__ASSIGNED TASK__
Reproduce the listing below exactly. Pictures do not belong in the copy.
DATASET CONTENT: Begin
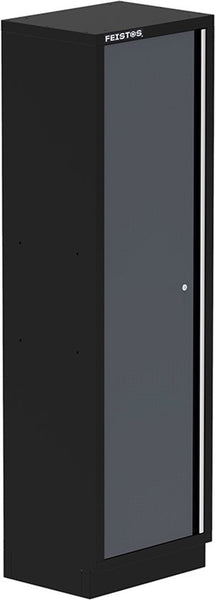 Feistos Gereedschapskast Apollo Solo- 46x60x200 cm - Zwart/Grijs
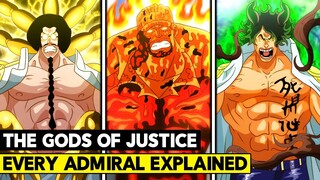 All 7 Monster Admirals In One Piece Explained! World Breaking Enemies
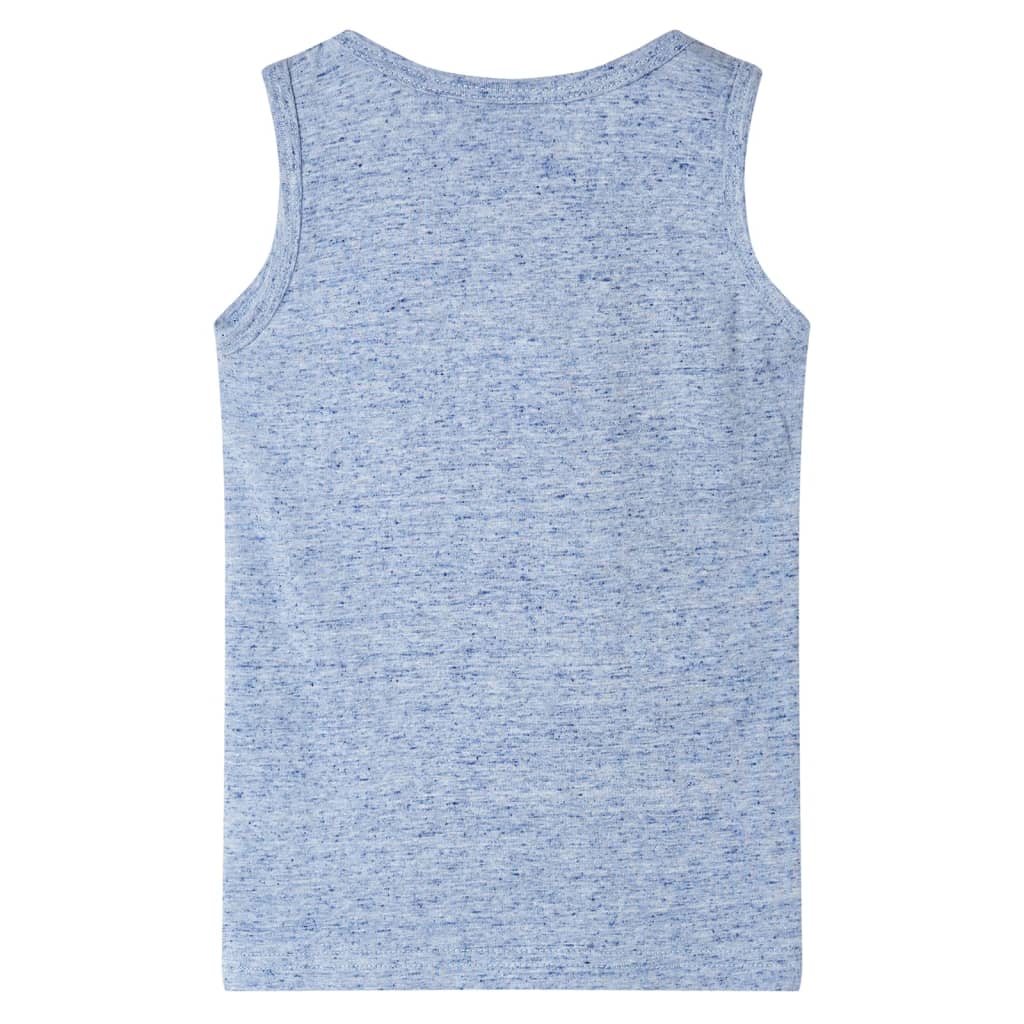 vidaXL Kindertopje 140 gemêleerd blauw afbeelding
DATASET CONTENT: End
__THE COMPLETED TASK__
 Feistos Gereedschapskast Apollo Solo- 46x60x200 cm - Zwart/Grijs
 All 7 Monster Admirals In One Piece Explained! World Breaking Enemies
 vidaXL Kindertopje 140 gemêleerd blauw afbeelding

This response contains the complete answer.